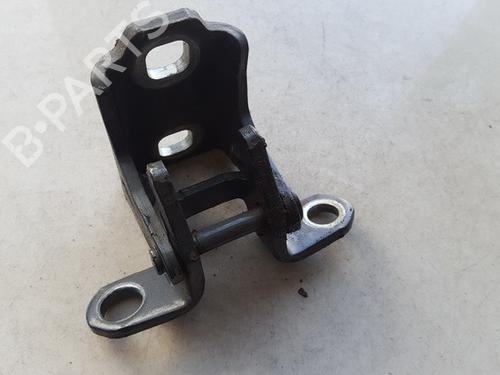 Dørhængsel/Dørbegrænser Dørhængsel/Dørbegrænser SAAB 9-3 (YS3F, E79, D79, D75) 1.9 TiD (150 hp) 33517048 33517048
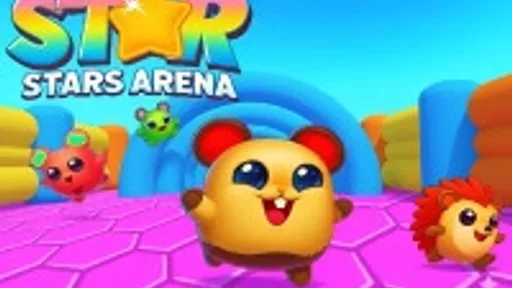 Star Stars Arena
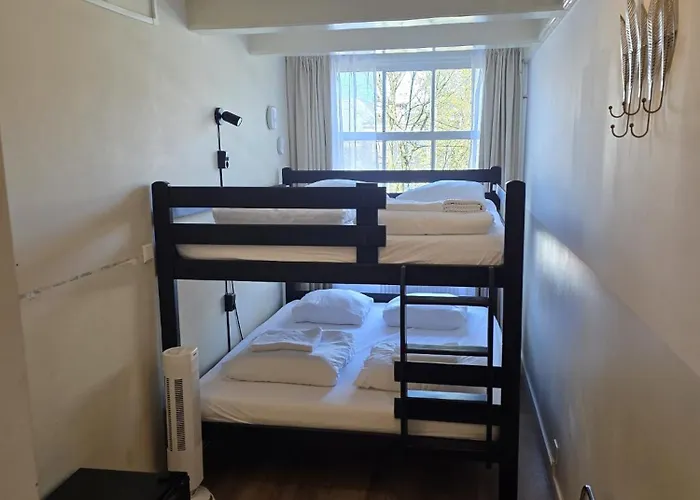 Prinsenhof Hotel Amsterdam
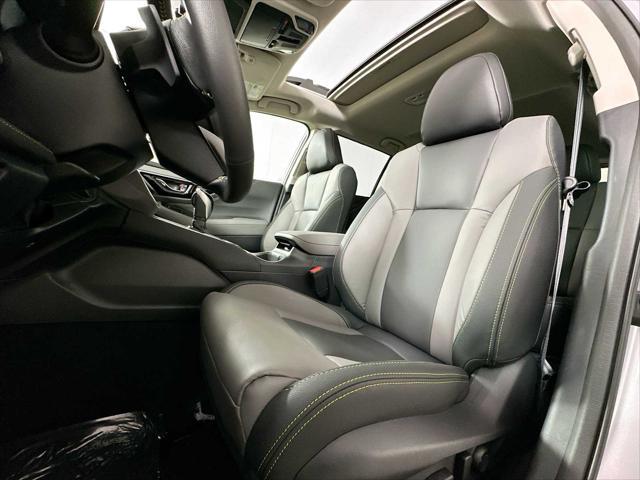 new 2025 Subaru Outback car, priced at $42,589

■ **Exercise directions**: Since the listing holds pictures, return everything else in it exactly and omit those.

■ **Response area**:
 Dørhængsel/Dørbegrænser Dørhængsel/Dørbegrænser SAAB 9-3 (YS3F, E79, D79, D75) 1.9 TiD (150 hp) 33517048 33517048
 Star Stars Arena
 Prinsenhof Hotel Amsterdam
 new 2025 Subaru Outback car, priced at $42,589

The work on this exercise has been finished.